Biotech leaders urge fixes to bad Senate drug deal

 

July 8, 2022

Lend your support to the following open letter to Congressional leaders by completing the short Google Form at the end.

Dear Majority Leader Schumer, Chairman Wyden, and members of the United States Senate:

We are deeply concerned the new Senate drug bill fails to deliver adequate relief to the nation’s seniors and their families. It falls short of a generational opportunity to meaningfully lower Medicare beneficiary and taxpayer out-of-pocket costs. The revised language is not good enough for patients, bad for biopharma innovation, and provides no guarantee that PBMs and insurance plans will share savings with beneficiaries. 

The bill’s proposed $2,000 catastrophic cap helps only a small percentage of beneficiaries, and the new text now delays implementation until 2024. Fewer than 900,000 of the more than 32 million non-Medicaid eligible Medicare beneficiaries had out-of-pocket costs above the $2,000 cap in 2019. The bill must do more to help the majority of beneficiaries who face a roughly $500 deductible before any cost-sharing kicks in for physician prescribed therapies.

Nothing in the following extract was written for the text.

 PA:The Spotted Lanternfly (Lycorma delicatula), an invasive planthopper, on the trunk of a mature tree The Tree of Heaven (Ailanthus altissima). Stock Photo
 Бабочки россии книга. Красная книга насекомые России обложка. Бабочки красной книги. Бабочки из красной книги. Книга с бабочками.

The new reconciliation bill includes other bad news for Medicare beneficiaries:

  • It REMOVES the $35 insulin copay cap to help disabled and seniors treat chronic diabetes. 

  • It offers NO HELP for seniors with lower deductibles or first dollar coverage relief.

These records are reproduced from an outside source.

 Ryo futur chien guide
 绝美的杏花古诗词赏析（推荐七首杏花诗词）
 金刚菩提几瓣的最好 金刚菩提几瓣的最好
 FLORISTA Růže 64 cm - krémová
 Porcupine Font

  • It INCREASES Part D cost sharing for all beneficiaries from 23% to 25%.

The bill makes these changes to help Part D insurers and PBMs take advantage of government pricing yet repeals the requirement that health insurers and PBMs pass prescription drug discounts on to patients. Without it, seniors will have no protection from Medicare Advantage plans and PBMs that instead can continue to pocket the savings – even when the government does the negotiation for them. 

Worse, the bill skews research and financial incentives toward costlier, physician-administered injectables. Simply put, this will result in fewer new drugs developed by U.S.-based biotech companies. It places price controls on small molecule pills only 9 years after approval (by comparison, price controls on large molecule injectables are imposed after 13 years). 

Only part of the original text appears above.